Some officers there “took exception to a police officer being charged or investigated,” Crown Attorney Mary-Anne Mackett told court Tuesday, providing an overview of the convoluted 2½-year-old case.

Reinhardt, who is no longer the judge in the Berthiaume case, said in his pre-trial ruling that disclosure he reviewed alleged Khawaja “refused to assist Constable Vanderburgh in the arrest and preparation of paperwork at 22 Division.”

“Constable Khawaja is purported to have stated on more than one occasion that evening to different informants that he wanted nothing to do with the arrest of a fellow police officer,” Reinhardt wrote.

Vanderburgh, meanwhile, continued to pay a price.

After Berthiaume was released, Vanderburgh drove a marked police vehicle back to his division and was followed by a 22 Division cruiser driven by Const. James Little.
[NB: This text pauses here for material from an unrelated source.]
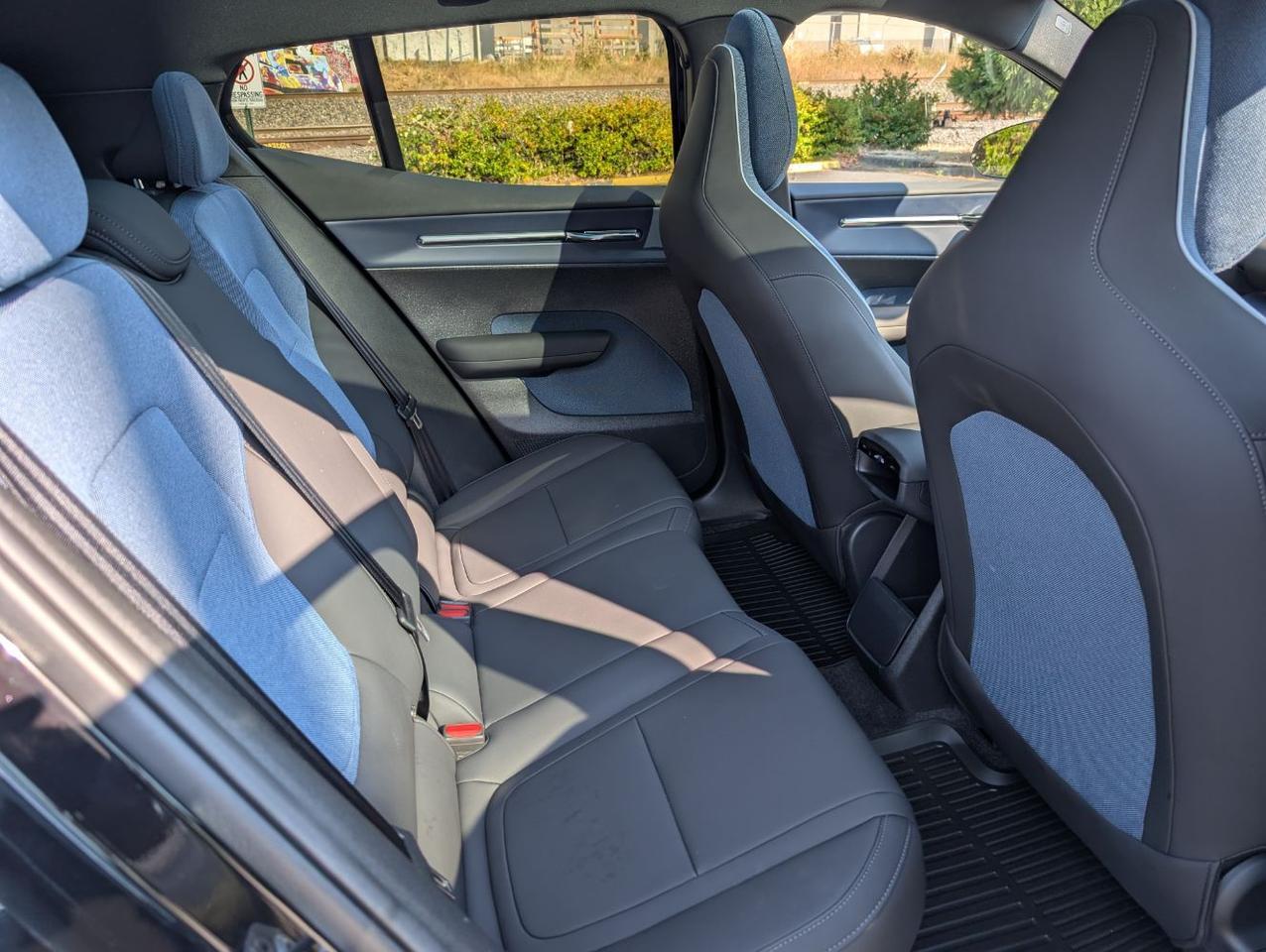 2025 Volvo EX30 Twin Motor Ultra Portland OR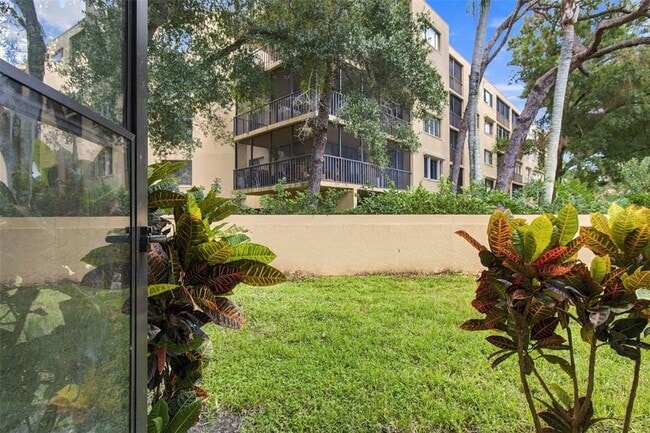 Building Photo - 3036 Eastland Blvd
Little pulled him over and gave him a ticket for allegedly disobeying a red light, which was later dismissed. Last year, Little pleaded guilty to one count of discreditable conduct under the Police Services Act.

Little chose “to disregard his professional obligations and embark on a course of retaliatory action against a colleague performing his sworn, lawful duty,” Supt. Robin Breen wrote in his ruling.

“He abused his position to express his personal displeasure about his colleague’s arrest of an off-duty police officer.” Little was docked 20 days’ pay.

Two other officers, including a staff sergeant who failed to intervene, were disciplined in the incident. One was also docked 20 days’ pay, the other 15.

Apparently, the only difference we have with our northern neighbors is that the Canadian cops are punished for their conduct.